DOMINGO DE RESURRECCIÓN (B)

Lecturas: Hch 10, 34a.37-43; 1 Co 5, 6b-8; Jn 20, 1-9

Motivo de júbilo. Cristo vive. Ésta es la gran verdad que llena de contenido nuestra fe. Jesús, que murió en la cruz, ha resucitado, ha triunfado de la muerte, del poder de las tinieblas, del dolor y de la angustia (San Josemaría Escrivá). La Iglesia celebra con júbilo el triunfo de Cristo, su Resurrección, que es la prueba mayor de la divinidad de Nuestro Señor. La fe de los cristianos es la Resurrección de Cristo; esto es lo que tenemos por cosa grande: el creer que resucitó (San Agustín).

La Resurrección del Señor es prenda de nuestra resurrección. Esperamos un Salvador, el Señor Jesucristo, que transformará el cuerpo de nuestra humillación, conforme a su cuerpo glorioso, según el poder que Él tiene de someter a Sí todas las cosas (Flp 3, 20-21). Sobre el cristiano, como sobre Jesús, la muerte no tiene la última palabra; el que vive en Cristo no muere para quedar muerto; muere para resucitar a una vida nueva y eterna. Nuestra muerte ha sido vencida y redimida. Los creyentes en Cristo estamos llamados al gozo de la resurrección y de la vida inmortal a través de la muerte.

Celebración de la fiesta. En la 2ª lectura, leemos: Celebremos la Pascua, no con levadura vieja (levadura de corrupción y de maldad), sino con los panes ázimos de la sinceridad y la verdad. Con estas palabras, san Pablo nos dice que debemos eliminar -tanto de la comunidad eclesial como de la vida personal- lo impuro y pecaminoso, simbolizados en la levadura vieja; y llevar una vida auténticamente cristiana, con ázimos, símbolo de lo limpio y puro. Sólo así, nuestros cuerpos, tras su disolución en la sepultura, resucitarán a su tiempo por el poder del Verbo de Dios para la gloria del Padre, que revestirá de inmortalidad nuestra carne corruptible, pues la omnipotencia de Dios se manifiesta perfecta en lo que es débil y caduco (San Ireneo de Lyon).

Por tanto, fe en la resurrección del Señor y fe en que resucitaremos corporalmente un día. Pero también hay que tener fe en las resurrecciones espirituales después de nuestras caídas y miserias: todo lo puedo en Aquel que me conforta (Flp 4, 13).
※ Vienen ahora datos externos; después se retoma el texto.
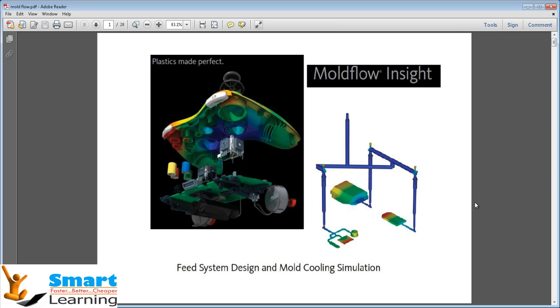Hi, I am Om Prakash. I welcome you all to this Moldflow Insight training session.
Testimonio de la Resurrección. Salieron Pedro y el otro discípulo camino del sepulcro. El cuerpo de Cristo no estaba allí. Ambos vieron las vendas por el suelo y el sudario y creyeron. Pues hasta entonces no habían entendido la Escritura: que él había de resucitar de entre los muertos. Se dieron cuenta de que no podía tratarse de un robo, como suponía María Magdalena, al ver los lienzos y el sudario colocados de forma especial. A partir de entonces, para ellos, y para todos los cristianos, Cristo no es un crucificado vencido, sino un resucitado vencedor. Los Apóstoles darán testimonio de la Resurrección del Señor.
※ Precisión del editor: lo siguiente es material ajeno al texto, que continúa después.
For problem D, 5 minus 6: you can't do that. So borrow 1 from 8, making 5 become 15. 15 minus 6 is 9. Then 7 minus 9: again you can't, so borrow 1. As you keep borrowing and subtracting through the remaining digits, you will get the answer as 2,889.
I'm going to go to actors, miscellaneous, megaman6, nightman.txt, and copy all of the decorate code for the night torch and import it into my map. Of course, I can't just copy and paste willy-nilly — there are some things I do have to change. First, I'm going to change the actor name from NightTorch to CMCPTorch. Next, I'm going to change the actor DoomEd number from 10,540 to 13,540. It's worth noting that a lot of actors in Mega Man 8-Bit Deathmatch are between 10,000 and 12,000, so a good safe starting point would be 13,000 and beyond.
Y también nosotros, cristianos del siglo XXI, debemos testimoniar nuestra fe en Cristo. ¿De qué Cristo?, dirán algunos. Del Cristo eternamente joven, del Cristo vencedor de la muerte, del Cristo resucitado para siempre, del Cristo que en el Espíritu comunica la vida del Padre, del Cristo a quien debemos recurrir para fundamentar y asegurar la esperanza del mañana.